Efficient degradation of atrazine residues in wastewater by persulfate assisted Ag3VO4/Bi2MoO6/diatomite under visible light

In this study, with diatomite as the carrier, Ag3VO4/Bi2MoO6/diatomite ternary composite was synthesized by hydrothermal method and used to activate persulfate (PS) to degrade atrazine (ATZ) under visible light irradiation. The prepared catalysts were characterized by a series of different test methods, such as XRD, FT-IR, SEM, XPS, BET, photocurrent response and so on. Meanwhile, the effects of diatomite dosage, Ag3VO4 dosage, PS concentration and initial pH value on ATZ removal were studied.
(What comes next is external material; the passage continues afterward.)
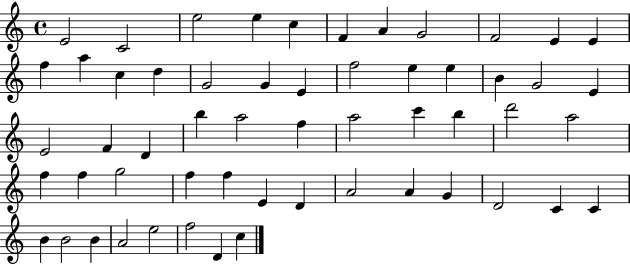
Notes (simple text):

E4/h C4/h E5/h E5/q C5/q F4/q A4/q G4/h F4/h E4/q E4/q F5/q A5/q C5/q D5/q G4/h G4/q E4/q F5/h E5/q E5/q B4/q G4/h E4/q E4/h F4/q D4/q B5/q A5/h F5/q A5/h C6/q B5/q D6/h A5/h F5/q F5/q G5/h F5/q F5/q E4/q D4/q A4/h A4/q G4/q D4/h C4/q C4/q B4/q B4/h B4/q A4/h E5/h F5/h D4/q C5/q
The structural stability and reusability of Ag3VO4/Bi2MoO6/diatomite composites can be verified by cyclic experiments. Besides, the intermediate products degraded by ATZ were detected by liquid chromatography and mass spectrometry (LC-MS), and the possible transformation pathway was proposed. At the same time, the quenching experiment and EPR test showed that superoxide radical (center dot O-2(-)) hydroxyl radical (center dot OH) sulfate radical (SO4 center dot-) and h(+) both promoted the degradation of ATZ. Finally, on the basis of comprehensive analysis, the reasonable reaction mechanism of removing ATZ by Ag3VO4/Bi2MoO6/diatomite + PS system was proposed. The results of this study promoted the application of Ag3VO4/Bi2MoO6/diatomite composites as organic degradation catalysts, reflecting the potential of composite materials in the removal of pesticide residues in environmental remediation.

Automated summary

In this study, Ag3VO4/Bi2MoO6/diatomite ternary composite was synthesized and used to degrade atrazine under visible light irradiation. The prepared catalysts were characterized and the effects of different factors on ATZ removal were studied. The stability and reusability of the composite material were verified, and the intermediate products and possible transformation pathway were detected. The quenching experiment and EPR test showed the promoting effect of various radicals on ATZ degradation. The reasonable reaction mechanism of removing ATZ was proposed based on comprehensive analysis.